These systems do not have a “learning loop” that enables the system to be smarter today than the day it was programmed. They are pre-programmed for a fixed set of objects and instructions. While these systems are “smart”, they do not add intelligence or learning over time.

By way of comparison, this would be like owning a self-driving automobile that could only drive on known roads and in weather and traffic conditions that had been pre-programmed. The car could speed up and slow down, change lanes, stop at the lights… but if a new road is built, the car would not be able to drive on it. Would it be awesome technology? For sure. Would it have its limitations? Yes.

Deep Learning (a.k.a.
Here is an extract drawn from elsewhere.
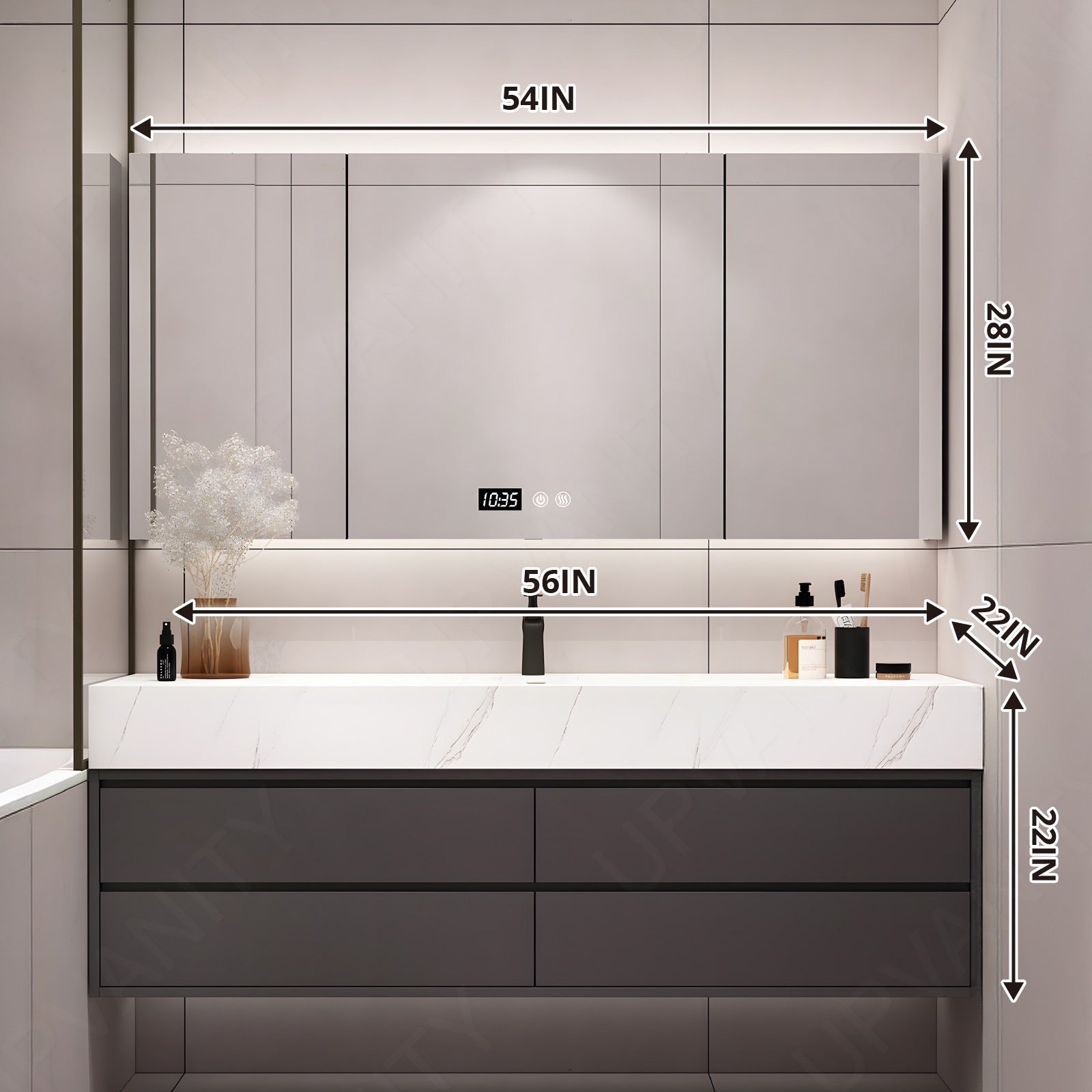 Modern Bath Vanity Set, Gray, White Slate Top, 36"-64", Single, Floating, Smart LED Mirror, Rear Cabinet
Artificial Intelligence)
The most sophisticated vision systems employ “deep learning”. These systems are often described with sensational terms such as “artificial intelligence”. Complicating things further, many non-learning systems are marketed as if they have intelligent (learning) capability, leading to confusion. Deep-learning systems are a type or subset of “artificial intelligence”.

Deep-learning engineers use a small set of objects as the learning base and teach the computer program (algorithm) to recognize a broad array of objects based on the characteristics of a small sample. For example, if you can recognize a few types of stop signs, you can apply that knowledge to recognize many types of stop signs.

The deep-learning program learns features that are independent of the objects, so that it can generalize over a wide spectrum of objects. For example, through such a program, robots can recognize the edge of an object no matter the exposure of the camera or the lighting conditions.

Deep-learning systems do not rely on a single variable, such as color, because something as simple as an exposure change or lighting would ruin the result. Color may be one of the variables, but additional more abstract variables are used for object recognition in the deep-learning program.

By way of comparison, these deep-learning systems used for robotic picking applications are like driving a Tesla in full autonomous mode. Park anywhere and navigate from A to B, using the best travel route in (most) any weather condition, on all road types.

Basic building blocks for deep-learning systems
Deep-learning principles used by industrial robots and Tesla self-driving cars are similar. Self-driving cars recognize different shapes, sizes, colors, and locations for stop signs. Once identified as a stop sign, the algorithm calculates a response based on external variables, such as location and direction of movement of other cars, pedestrians, road features, etc., and those calculations must be fast.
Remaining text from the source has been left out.